*Supplied records*.
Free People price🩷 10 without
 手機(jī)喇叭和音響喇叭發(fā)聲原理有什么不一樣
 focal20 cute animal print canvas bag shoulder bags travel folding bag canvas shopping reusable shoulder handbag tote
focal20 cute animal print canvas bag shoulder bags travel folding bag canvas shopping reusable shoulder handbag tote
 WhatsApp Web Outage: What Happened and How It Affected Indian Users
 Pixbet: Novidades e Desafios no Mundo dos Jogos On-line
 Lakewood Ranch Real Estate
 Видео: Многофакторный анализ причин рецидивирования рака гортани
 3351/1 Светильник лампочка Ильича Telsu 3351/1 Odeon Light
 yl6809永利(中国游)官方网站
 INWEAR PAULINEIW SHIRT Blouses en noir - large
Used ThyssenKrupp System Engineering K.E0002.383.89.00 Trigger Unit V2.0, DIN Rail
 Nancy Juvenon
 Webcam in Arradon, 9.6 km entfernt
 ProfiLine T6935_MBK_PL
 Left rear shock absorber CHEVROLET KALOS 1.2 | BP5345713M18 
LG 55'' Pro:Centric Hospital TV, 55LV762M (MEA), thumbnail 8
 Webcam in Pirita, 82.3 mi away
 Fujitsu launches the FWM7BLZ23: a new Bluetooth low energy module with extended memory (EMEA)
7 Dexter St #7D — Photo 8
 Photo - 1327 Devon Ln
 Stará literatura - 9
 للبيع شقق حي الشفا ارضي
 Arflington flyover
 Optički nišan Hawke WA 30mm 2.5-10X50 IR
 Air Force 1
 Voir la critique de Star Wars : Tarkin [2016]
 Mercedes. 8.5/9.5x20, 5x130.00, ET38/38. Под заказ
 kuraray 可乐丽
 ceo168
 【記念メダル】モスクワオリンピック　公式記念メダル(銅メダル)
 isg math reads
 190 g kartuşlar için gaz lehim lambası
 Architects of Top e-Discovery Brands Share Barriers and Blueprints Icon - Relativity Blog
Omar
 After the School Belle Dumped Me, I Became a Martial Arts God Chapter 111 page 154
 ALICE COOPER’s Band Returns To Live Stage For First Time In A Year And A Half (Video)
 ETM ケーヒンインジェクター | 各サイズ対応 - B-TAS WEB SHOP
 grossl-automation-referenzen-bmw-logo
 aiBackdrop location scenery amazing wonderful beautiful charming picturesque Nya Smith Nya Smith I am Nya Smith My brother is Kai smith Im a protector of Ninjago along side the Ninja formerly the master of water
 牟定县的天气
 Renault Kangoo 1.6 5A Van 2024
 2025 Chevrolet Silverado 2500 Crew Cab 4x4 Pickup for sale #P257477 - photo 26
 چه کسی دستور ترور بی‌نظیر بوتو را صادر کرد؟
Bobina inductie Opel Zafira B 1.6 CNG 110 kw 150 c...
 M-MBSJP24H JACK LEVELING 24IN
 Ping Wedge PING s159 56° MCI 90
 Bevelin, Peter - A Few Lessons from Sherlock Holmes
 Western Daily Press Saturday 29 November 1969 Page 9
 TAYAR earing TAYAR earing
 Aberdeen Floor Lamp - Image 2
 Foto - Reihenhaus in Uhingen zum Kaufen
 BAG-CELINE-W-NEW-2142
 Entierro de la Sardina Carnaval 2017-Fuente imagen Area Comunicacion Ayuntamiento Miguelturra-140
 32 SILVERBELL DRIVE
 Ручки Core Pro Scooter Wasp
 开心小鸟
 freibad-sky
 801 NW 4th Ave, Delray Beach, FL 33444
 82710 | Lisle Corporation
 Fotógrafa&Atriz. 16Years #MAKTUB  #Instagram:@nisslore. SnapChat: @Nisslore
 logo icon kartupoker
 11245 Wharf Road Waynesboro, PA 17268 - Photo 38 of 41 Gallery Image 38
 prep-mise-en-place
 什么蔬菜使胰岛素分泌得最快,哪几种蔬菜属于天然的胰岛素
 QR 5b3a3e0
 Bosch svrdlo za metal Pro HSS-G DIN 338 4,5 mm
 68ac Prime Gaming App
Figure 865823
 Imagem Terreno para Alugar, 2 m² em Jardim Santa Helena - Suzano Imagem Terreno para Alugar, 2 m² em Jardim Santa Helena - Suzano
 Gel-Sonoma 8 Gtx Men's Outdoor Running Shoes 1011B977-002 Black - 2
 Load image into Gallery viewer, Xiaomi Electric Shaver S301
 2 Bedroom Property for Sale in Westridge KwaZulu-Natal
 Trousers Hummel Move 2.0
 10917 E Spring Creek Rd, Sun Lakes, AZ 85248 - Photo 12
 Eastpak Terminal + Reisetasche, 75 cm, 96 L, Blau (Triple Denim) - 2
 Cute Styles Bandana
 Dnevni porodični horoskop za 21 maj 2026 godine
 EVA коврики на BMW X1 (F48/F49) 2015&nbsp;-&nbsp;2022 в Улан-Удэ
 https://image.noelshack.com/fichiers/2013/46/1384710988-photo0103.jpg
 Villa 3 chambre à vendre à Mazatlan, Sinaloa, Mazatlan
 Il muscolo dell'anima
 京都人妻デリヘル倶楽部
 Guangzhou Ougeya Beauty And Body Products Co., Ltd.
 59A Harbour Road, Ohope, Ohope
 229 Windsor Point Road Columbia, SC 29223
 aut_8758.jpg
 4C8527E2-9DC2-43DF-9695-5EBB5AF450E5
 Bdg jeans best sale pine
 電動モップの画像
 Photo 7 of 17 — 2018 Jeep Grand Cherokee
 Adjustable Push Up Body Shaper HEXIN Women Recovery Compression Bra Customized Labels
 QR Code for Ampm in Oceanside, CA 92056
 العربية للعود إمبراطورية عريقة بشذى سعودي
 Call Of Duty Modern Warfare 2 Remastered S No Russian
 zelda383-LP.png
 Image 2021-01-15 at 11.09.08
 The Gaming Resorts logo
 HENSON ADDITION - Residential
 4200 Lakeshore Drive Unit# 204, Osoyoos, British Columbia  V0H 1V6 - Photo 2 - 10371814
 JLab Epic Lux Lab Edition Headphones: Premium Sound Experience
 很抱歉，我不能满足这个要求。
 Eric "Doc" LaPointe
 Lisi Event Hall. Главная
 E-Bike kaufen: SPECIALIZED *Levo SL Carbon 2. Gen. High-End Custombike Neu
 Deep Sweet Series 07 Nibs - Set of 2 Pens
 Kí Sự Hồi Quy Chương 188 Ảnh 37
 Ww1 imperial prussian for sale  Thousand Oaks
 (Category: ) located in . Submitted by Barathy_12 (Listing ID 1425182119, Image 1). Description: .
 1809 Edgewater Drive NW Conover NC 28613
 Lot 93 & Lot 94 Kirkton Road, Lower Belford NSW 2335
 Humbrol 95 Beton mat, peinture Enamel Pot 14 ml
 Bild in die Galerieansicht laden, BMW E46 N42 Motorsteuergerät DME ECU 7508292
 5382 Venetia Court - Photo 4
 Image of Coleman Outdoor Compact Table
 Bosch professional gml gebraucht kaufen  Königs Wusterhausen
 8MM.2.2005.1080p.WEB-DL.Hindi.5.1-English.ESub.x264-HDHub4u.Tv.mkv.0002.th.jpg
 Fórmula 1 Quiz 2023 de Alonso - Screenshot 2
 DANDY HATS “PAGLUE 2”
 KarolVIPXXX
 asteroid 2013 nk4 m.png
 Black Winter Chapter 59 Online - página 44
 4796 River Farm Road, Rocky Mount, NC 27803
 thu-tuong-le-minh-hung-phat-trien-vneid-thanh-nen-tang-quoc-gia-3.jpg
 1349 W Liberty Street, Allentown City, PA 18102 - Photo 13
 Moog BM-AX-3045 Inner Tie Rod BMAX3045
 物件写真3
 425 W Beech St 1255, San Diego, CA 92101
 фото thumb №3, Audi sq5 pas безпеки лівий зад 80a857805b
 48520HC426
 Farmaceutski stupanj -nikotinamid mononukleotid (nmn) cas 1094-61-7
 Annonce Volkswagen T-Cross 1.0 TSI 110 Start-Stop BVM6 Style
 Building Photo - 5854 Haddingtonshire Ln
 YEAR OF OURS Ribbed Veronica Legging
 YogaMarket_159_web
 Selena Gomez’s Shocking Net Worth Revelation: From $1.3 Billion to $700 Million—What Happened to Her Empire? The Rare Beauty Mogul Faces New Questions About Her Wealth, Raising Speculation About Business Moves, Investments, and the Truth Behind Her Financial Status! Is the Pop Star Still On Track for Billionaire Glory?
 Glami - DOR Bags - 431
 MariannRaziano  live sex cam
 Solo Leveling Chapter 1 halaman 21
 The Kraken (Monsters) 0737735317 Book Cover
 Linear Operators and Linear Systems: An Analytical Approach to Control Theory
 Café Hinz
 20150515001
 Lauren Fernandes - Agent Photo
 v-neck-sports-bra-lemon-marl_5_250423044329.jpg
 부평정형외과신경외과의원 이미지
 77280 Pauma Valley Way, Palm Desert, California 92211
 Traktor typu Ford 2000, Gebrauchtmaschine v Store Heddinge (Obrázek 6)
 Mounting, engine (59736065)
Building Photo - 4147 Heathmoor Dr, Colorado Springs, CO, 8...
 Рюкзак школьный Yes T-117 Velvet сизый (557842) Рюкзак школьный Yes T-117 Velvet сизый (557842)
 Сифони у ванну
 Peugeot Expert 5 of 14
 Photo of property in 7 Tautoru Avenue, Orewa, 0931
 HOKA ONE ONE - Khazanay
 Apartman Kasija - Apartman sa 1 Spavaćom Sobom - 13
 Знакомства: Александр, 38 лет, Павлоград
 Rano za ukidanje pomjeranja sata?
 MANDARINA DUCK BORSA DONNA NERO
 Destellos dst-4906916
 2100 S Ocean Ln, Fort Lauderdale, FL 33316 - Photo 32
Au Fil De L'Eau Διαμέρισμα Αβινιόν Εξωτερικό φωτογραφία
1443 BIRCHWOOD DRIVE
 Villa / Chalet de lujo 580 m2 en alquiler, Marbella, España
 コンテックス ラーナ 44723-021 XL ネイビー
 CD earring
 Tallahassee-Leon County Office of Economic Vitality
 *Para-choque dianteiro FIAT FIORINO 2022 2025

*Problem to work on*. If a line falls between the first line of the records and the line containing "Pixbet: Novidades e", inclusive, repeat it exactly; leave out all others.

*Output of the exercise*.
Free People price🩷 10 without
 手機(jī)喇叭和音響喇叭發(fā)聲原理有什么不一樣
 focal20 cute animal print canvas bag shoulder bags travel folding bag canvas shopping reusable shoulder handbag tote
focal20 cute animal print canvas bag shoulder bags travel folding bag canvas shopping reusable shoulder handbag tote
 WhatsApp Web Outage: What Happened and How It Affected Indian Users
 Pixbet: Novidades e Desafios no Mundo dos Jogos On-line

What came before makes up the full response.